*WORK TO BE COMPLETED*. Within the entries below, please return exactly the lines from the one with "Bougies d'allumage Double" through the one with "Geely Okavango I", leaving out any pictures.

(Beginning of DATA IN THIS EXERCISE)

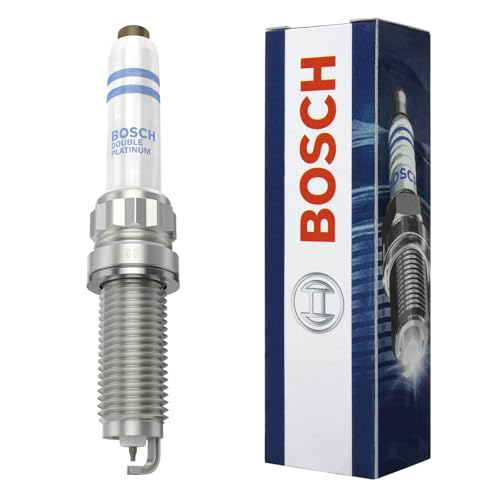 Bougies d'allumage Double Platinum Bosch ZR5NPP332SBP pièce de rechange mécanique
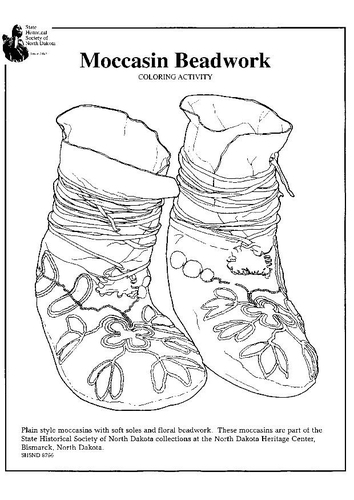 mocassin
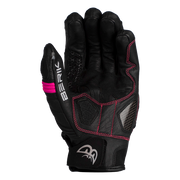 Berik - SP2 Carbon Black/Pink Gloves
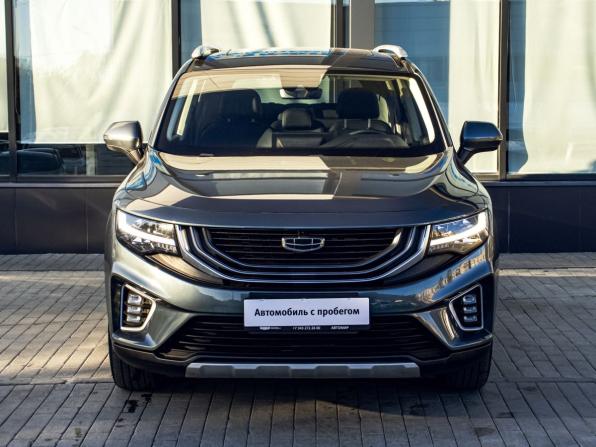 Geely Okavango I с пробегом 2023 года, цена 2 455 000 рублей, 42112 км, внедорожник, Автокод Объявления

(End of DATA IN THIS EXERCISE)
(Beginning of DATA IN THIS EXERCISE)

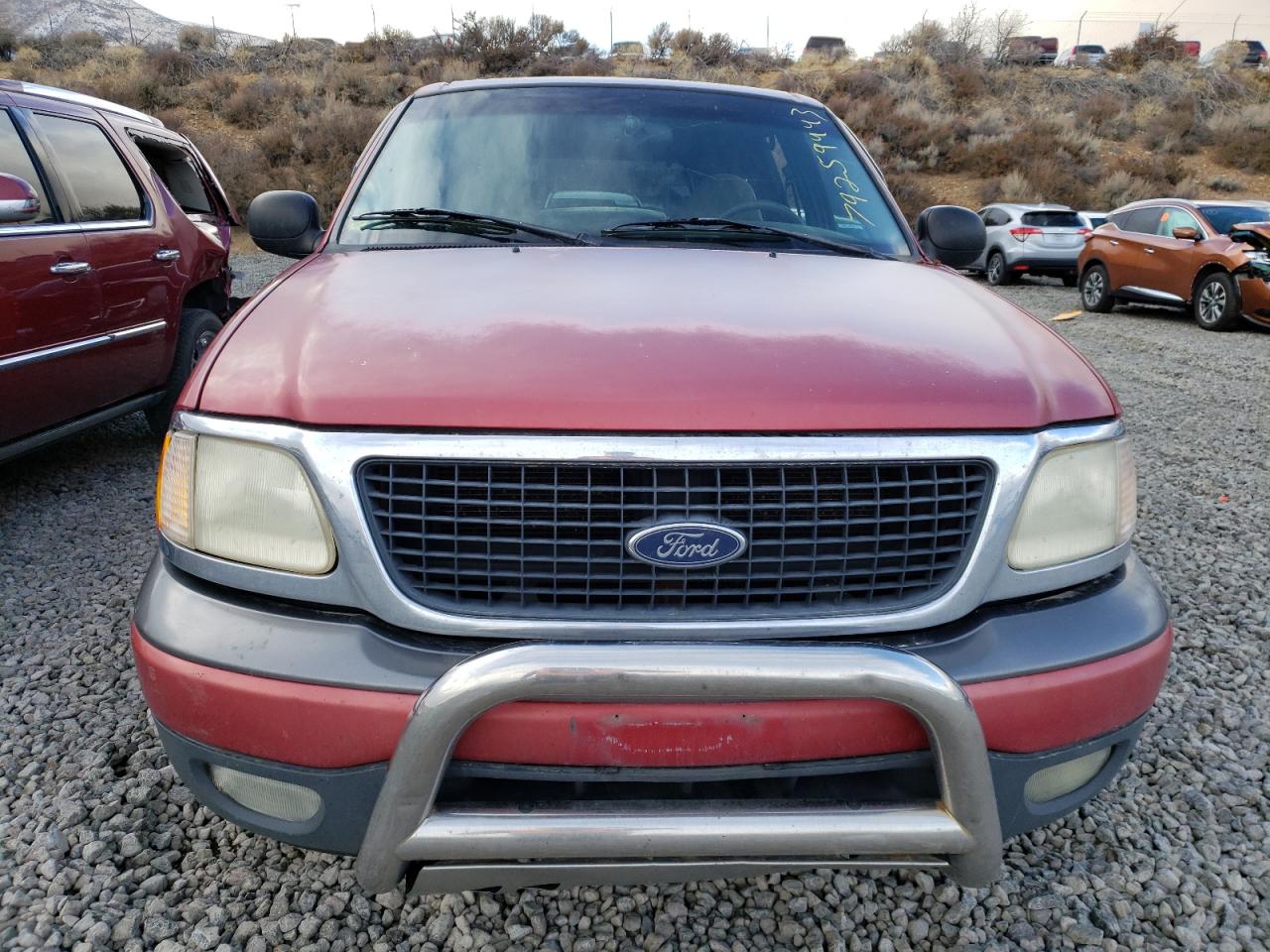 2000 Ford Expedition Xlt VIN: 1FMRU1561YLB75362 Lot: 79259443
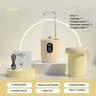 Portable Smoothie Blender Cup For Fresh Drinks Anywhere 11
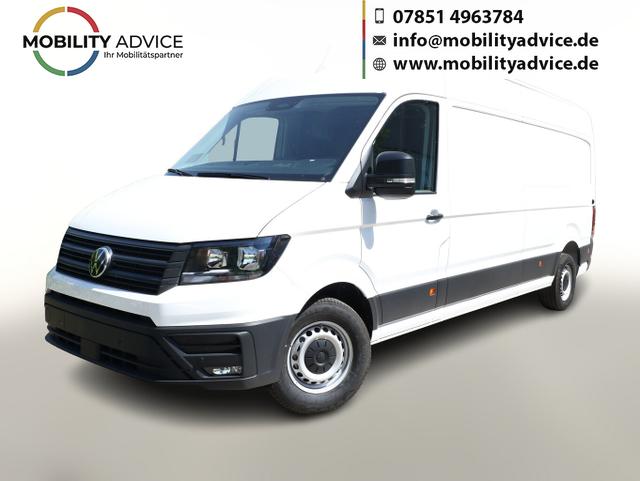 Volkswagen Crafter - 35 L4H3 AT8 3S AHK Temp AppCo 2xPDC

(End of DATA IN THIS EXERCISE)

*OUTPUT BELOW*.
 Bougies d'allumage Double Platinum Bosch ZR5NPP332SBP pièce de rechange mécanique
 mocassin
 Berik - SP2 Carbon Black/Pink Gloves
 Geely Okavango I с пробегом 2023 года, цена 2 455 000 рублей, 42112 км, внедорожник, Автокод Объявления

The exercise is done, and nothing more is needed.